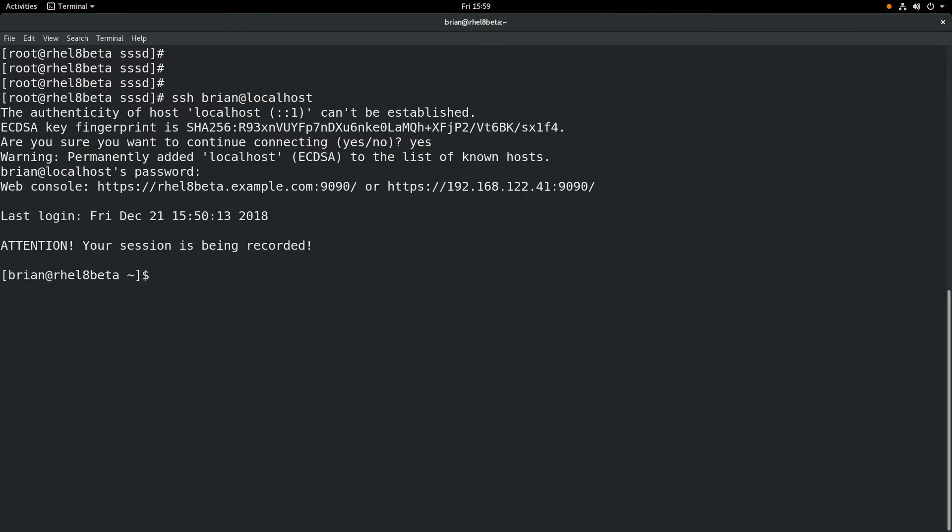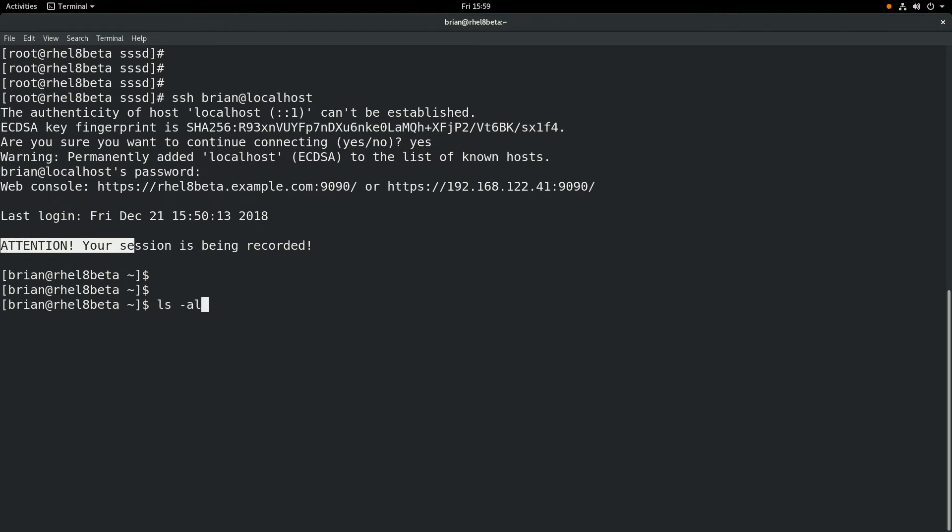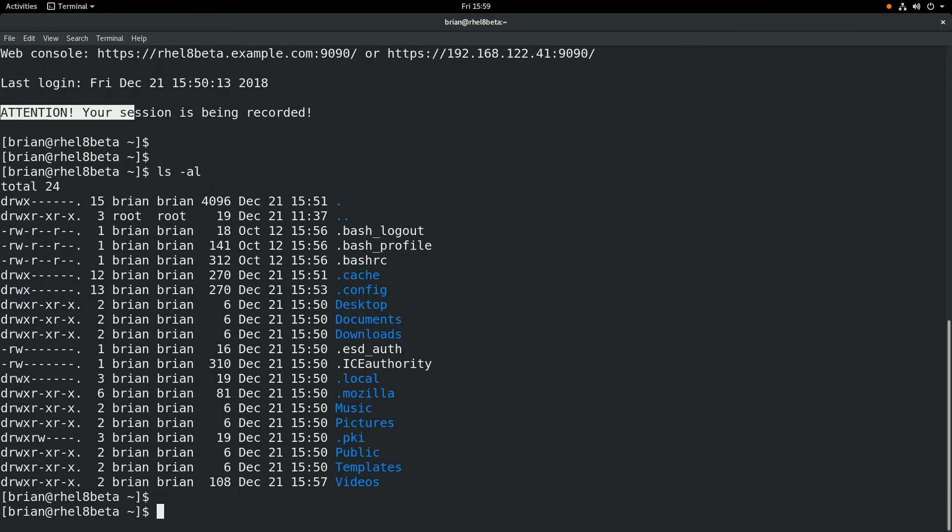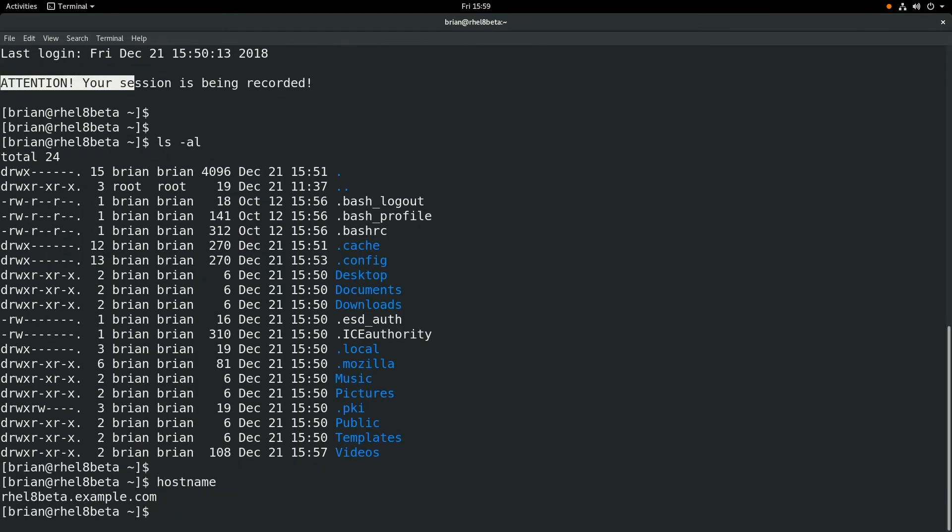We'll log in with a password. And you notice here it says, attention, your session is being recorded. That warning there is configurable. That's the default right now.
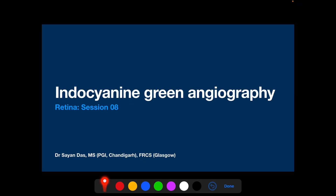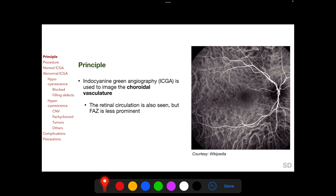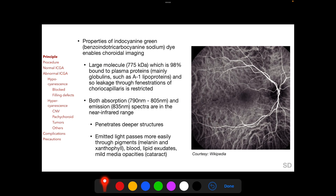Welcome. In this session we will be discussing indocyanine green angiography. Indocyanine green angiography, or ICGA, is used to image the choroidal vasculature, as we see here in this ICGA. Properties of indocyanine green, or ICG, enable choroidal imaging.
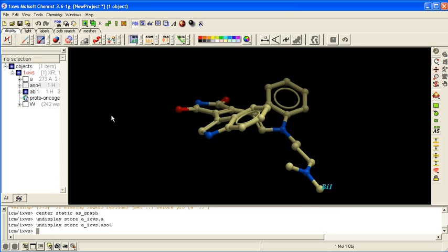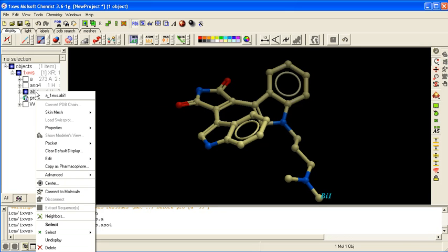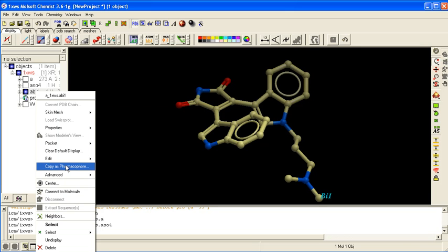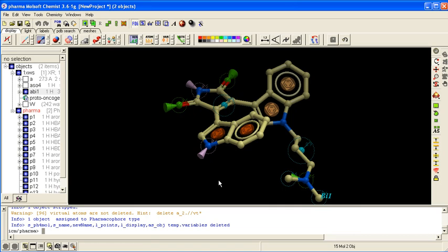To extract the pharmacophore points from this, you right click on the ligand name in the ICM workspace and say copy as pharmacophore. And then choose pharm centers. Click OK.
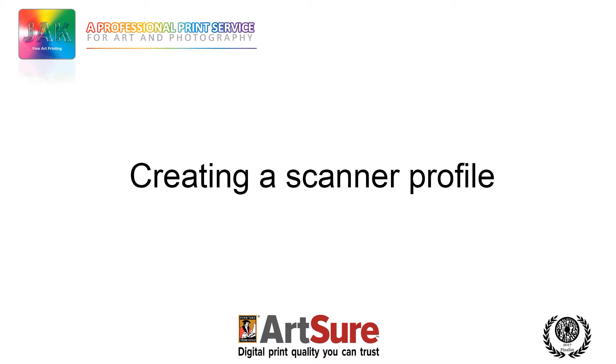Hello and welcome to this short tutorial on creating a scanner profile. My name is Adrian from Jack Fine Art Printing, and in this video I'll be taking you through the basics involved in setting this up. We'll be looking at the software you need, the IT8 target, and how easy it is to actually do once you've got all the bits and pieces.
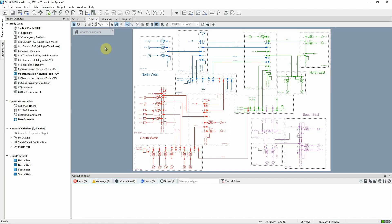This video demonstrates the use of QV curves, one of the functions available in the Transmission Network Tools Toolbox. Study Case 05 Transmission Network Tools QV and Scenario Base Scenario should be active.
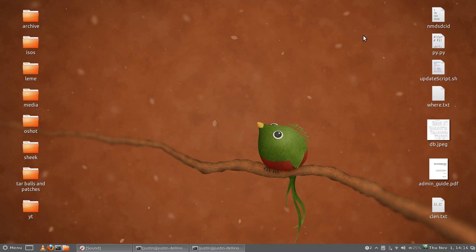G'day YouTube. This is a quick video to show you how to install the Cinnamon desktop environment in Ubuntu 12.10.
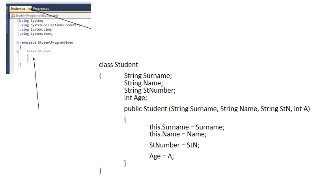A new tab will now open and in this case it will be called Student.cs. Notice the other tab is still Program.cs. Inside the Student tab a template for Class Student will open obviously at this stage with no code in it.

[Problem statement]:
Every record is to be restated word for word, with the pictures left out.

[Exercise solution]:
We'll log in with a password. And you notice here it says, attention, your session is being recorded. That warning there is configurable. That's the default right now.
Welcome. In this session we will be discussing indocyanine green angiography. Indocyanine green angiography, or ICGA, is used to image the choroidal vasculature, as we see here in this ICGA. Properties of indocyanine green, or ICG, enable choroidal imaging.
To extract the pharmacophore points from this, you right click on the ligand name in the ICM workspace and say copy as pharmacophore. And then choose pharm centers. Click OK.
Hello and welcome to this short tutorial on creating a scanner profile. My name is Adrian from Jack Fine Art Printing, and in this video I'll be taking you through the basics involved in setting this up. We'll be looking at the software you need, the IT8 target, and how easy it is to actually do once you've got all the bits and pieces.
This video demonstrates the use of QV curves, one of the functions available in the Transmission Network Tools Toolbox. Study Case 05 Transmission Network Tools QV and Scenario Base Scenario should be active.
G'day YouTube. This is a quick video to show you how to install the Cinnamon desktop environment in Ubuntu 12.10.
A new tab will now open and in this case it will be called Student.cs. Notice the other tab is still Program.cs. Inside the Student tab a template for Class Student will open obviously at this stage with no code in it.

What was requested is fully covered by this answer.